▶ [INFORMATION GIVEN]
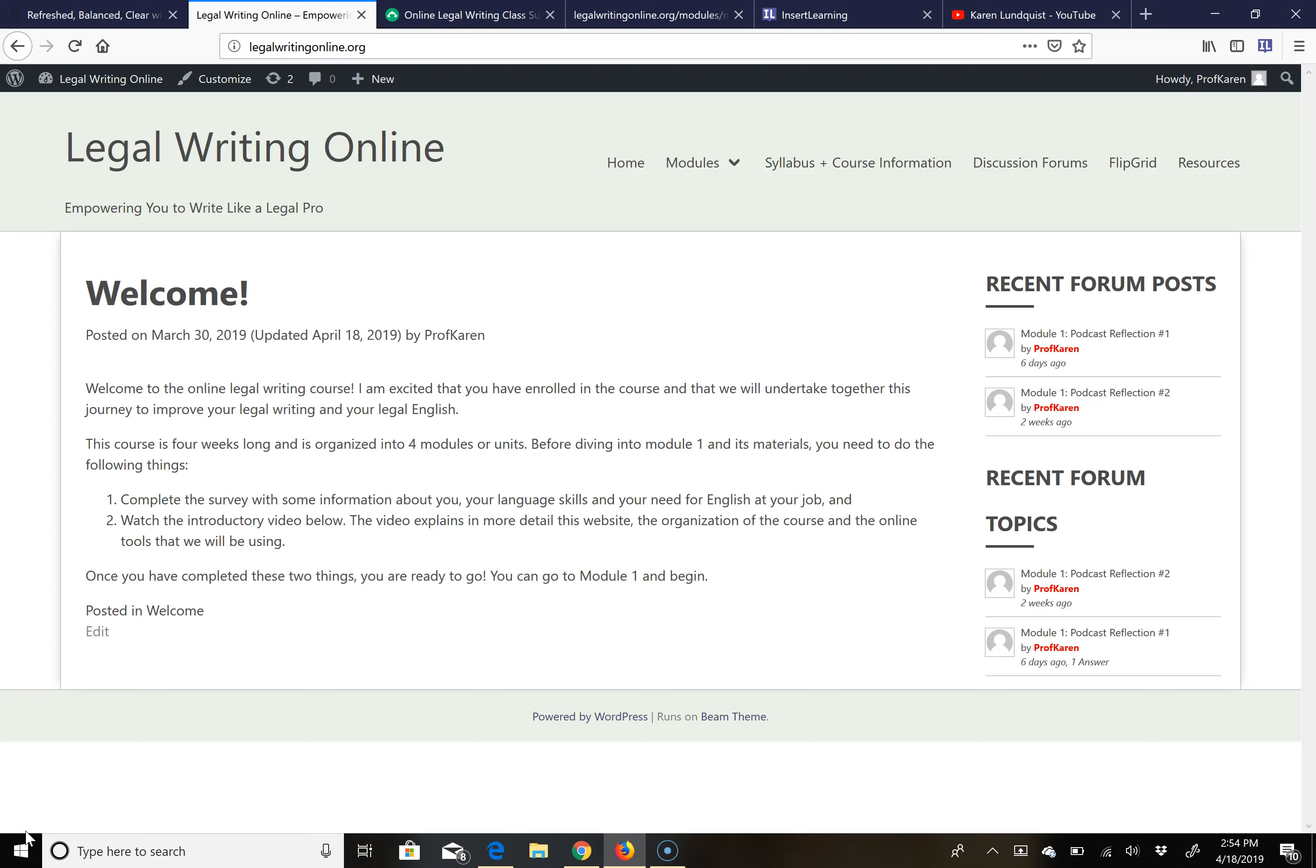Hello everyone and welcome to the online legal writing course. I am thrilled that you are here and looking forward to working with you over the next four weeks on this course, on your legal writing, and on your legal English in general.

---

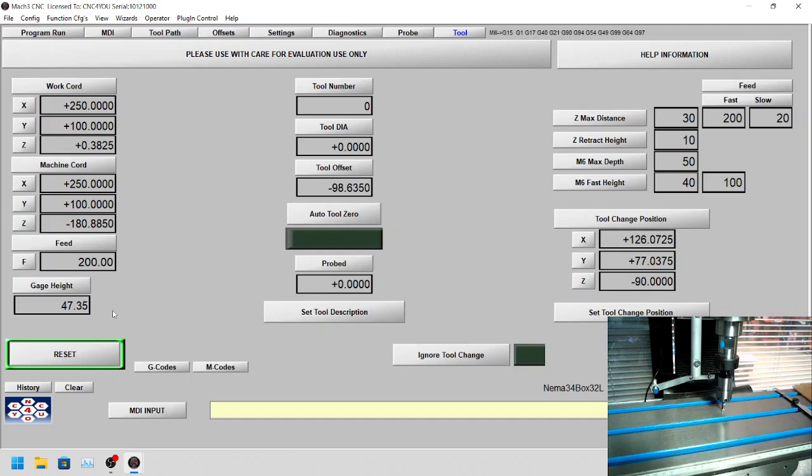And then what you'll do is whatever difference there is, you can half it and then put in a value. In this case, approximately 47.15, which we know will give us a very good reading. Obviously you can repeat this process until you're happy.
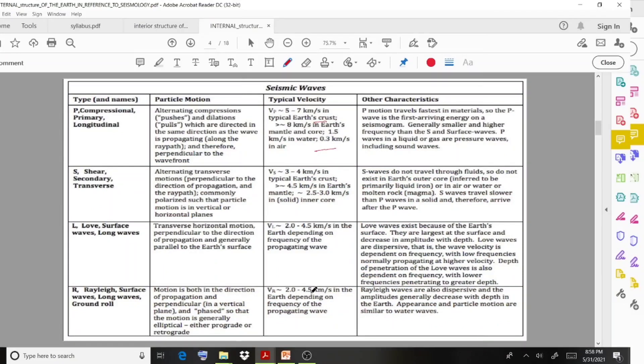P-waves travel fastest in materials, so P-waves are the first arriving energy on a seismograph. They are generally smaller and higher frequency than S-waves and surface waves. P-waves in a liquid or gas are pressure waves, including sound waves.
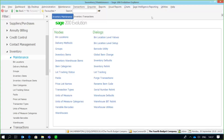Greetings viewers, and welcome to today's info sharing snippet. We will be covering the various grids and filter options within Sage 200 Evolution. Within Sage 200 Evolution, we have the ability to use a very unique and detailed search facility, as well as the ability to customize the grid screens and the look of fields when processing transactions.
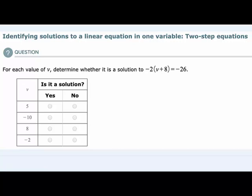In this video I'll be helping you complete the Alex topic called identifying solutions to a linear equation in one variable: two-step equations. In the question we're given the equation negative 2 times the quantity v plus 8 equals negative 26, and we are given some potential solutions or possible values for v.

▶ [WORK TASK] In the data above, retype only the stretch from the line with "And then what" through the line with "P-waves travel fastest", word for word, and skip any pictures.

▶ [ANSWER SPACE]
And then what you'll do is whatever difference there is, you can half it and then put in a value. In this case, approximately 47.15, which we know will give us a very good reading. Obviously you can repeat this process until you're happy.
P-waves travel fastest in materials, so P-waves are the first arriving energy on a seismograph. They are generally smaller and higher frequency than S-waves and surface waves. P-waves in a liquid or gas are pressure waves, including sound waves.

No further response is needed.